In person, actually, she’s fantastically uncool — an elbow squeezer and quick laugher, wry and goofy and so earnestly, f-bombingly sincere, even in the face of questions she has undoubtedly answered to infinity, that she makes most actresses’ press tours feel like plastic-wrapped performance art. (She seems to live an actual life off screen, too — giving off the energy of a friend who would happily spend a lost afternoon playing darts with you at a bar, but also be a conscientious member of your book club.)
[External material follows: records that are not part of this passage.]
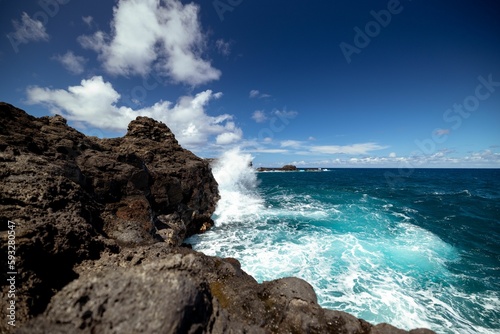 Wave crashing against the rocks © Mike40/Wirestock Creators
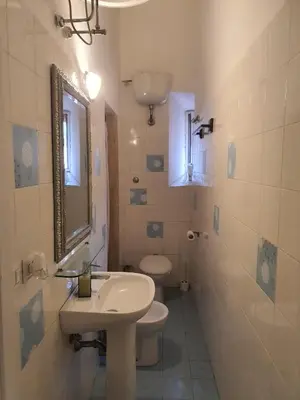 a bathroom with a sink and a toilet and a mirror at Casa Max in Rome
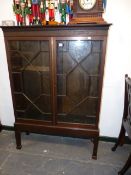 A CHIPPENDALE STYLE BOOKCASE CABINET.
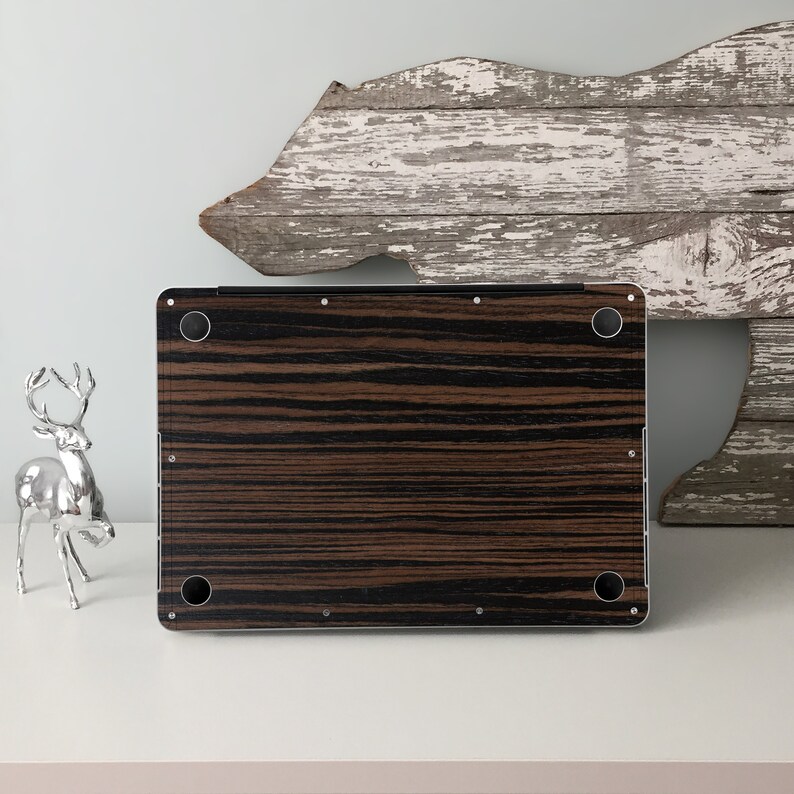 May include: A black and brown wood-grain laptop skin with a silver laptop underneath. The skin has a wood-grain pattern with black and brown stripes.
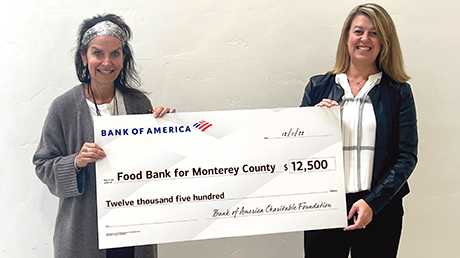 Bank of America employees presenting donation check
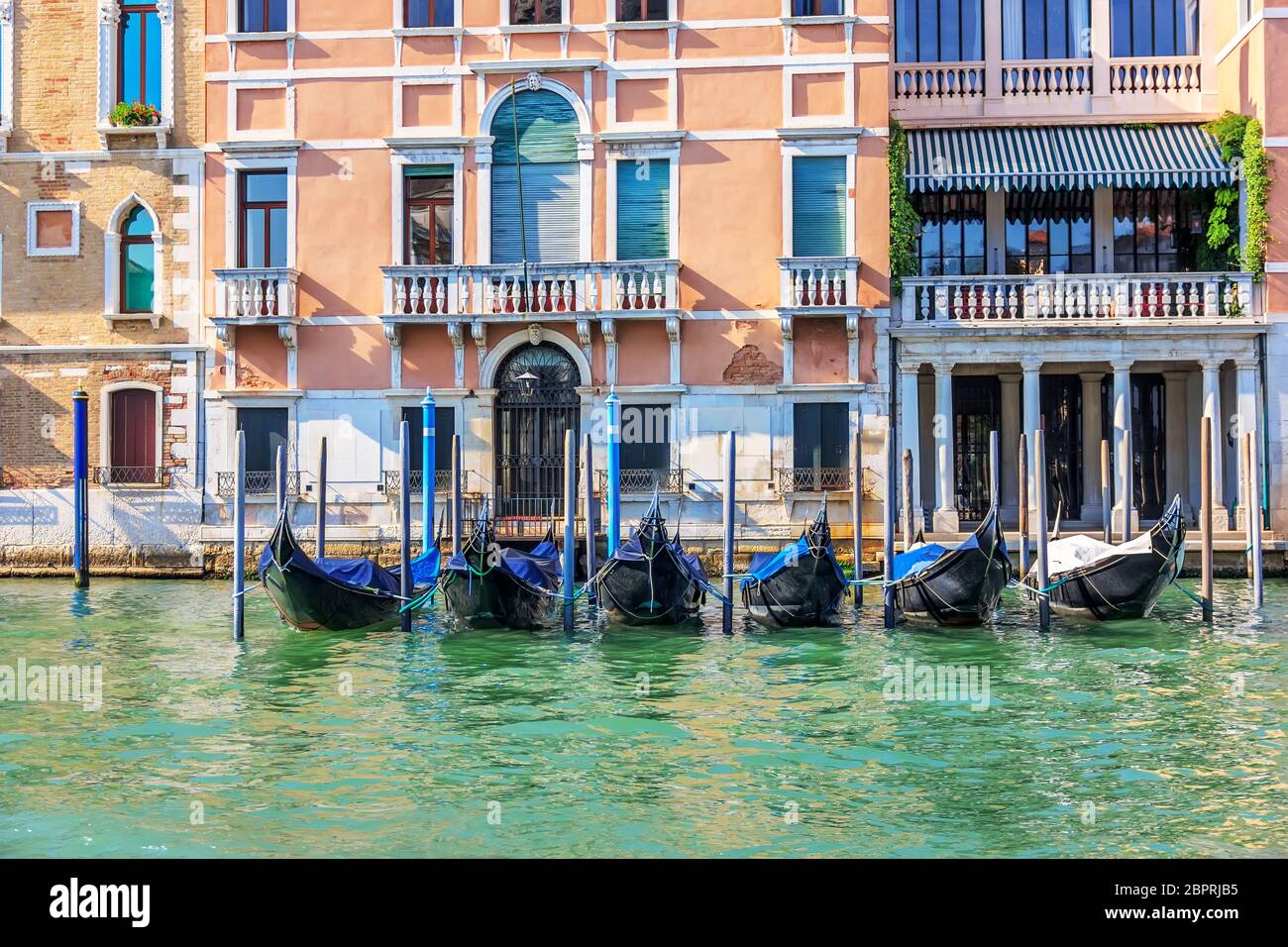 Gondolas moored on the Grand Canal of Venice, summer view. Stock Photo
She let some of that more playful persona come through in a 2019 Charlie’s Angels reboot and last year’s queer Christmas rom-com Happiest Season, which became an unlikely hit on Hulu. The actress is not unaware of how Spencer’s reception may change her ranking in the Hollywood bracket game, and not ashamed to admit she cares: “You want to win, we’re all animals,” she says matter-of-factly. “Artists want to engage with the world and have larger conversations. Even though it doesn’t seem like I’m somebody who wants to be extremely famous, I still want this conversation to be expansive…. I used to be really intentionally the opposite of precious in terms of choosing projects. For a minute there I was like, ‘I’ll do f—ing anything!’ And honestly, it was a good place to be for a minute. But I think now I’m going to be a little more careful. I think I have a better nose for what’s going to be fruitful for me personally, as an experience, if not necessarily what’s going to thrive out in the world.”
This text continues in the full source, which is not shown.